Given data below:

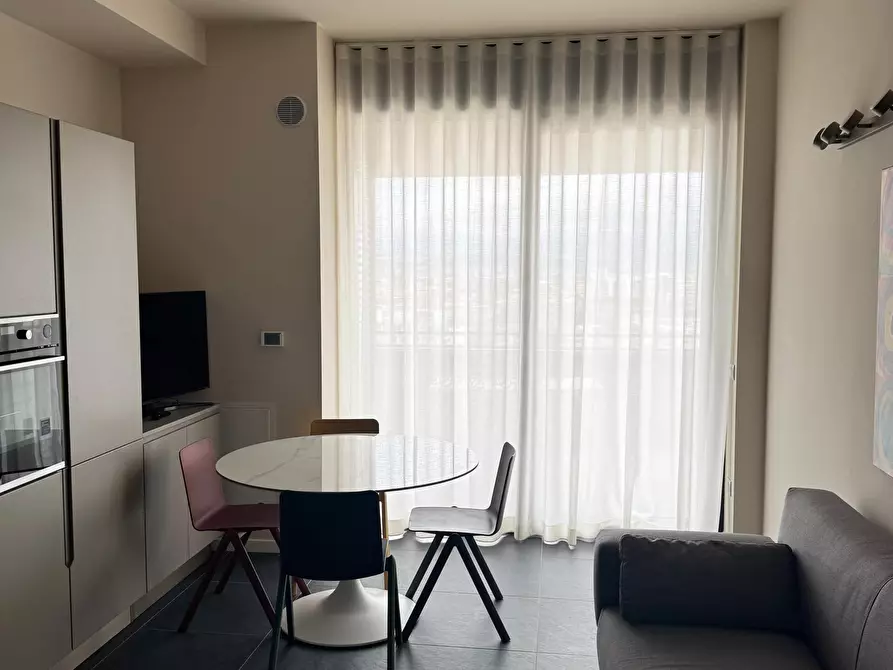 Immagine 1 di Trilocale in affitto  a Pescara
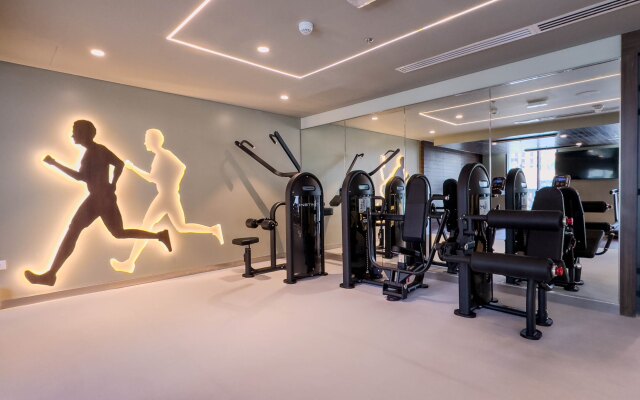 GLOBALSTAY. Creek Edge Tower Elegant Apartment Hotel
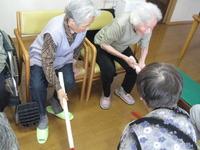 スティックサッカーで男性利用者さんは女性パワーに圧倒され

End of Given data.

* **Task requirements**
Output all data exactly, omitting images.

* **Answer box**
 Immagine 1 di Trilocale in affitto  a Pescara
 GLOBALSTAY. Creek Edge Tower Elegant Apartment Hotel
 スティックサッカーで男性利用者さんは女性パワーに圧倒され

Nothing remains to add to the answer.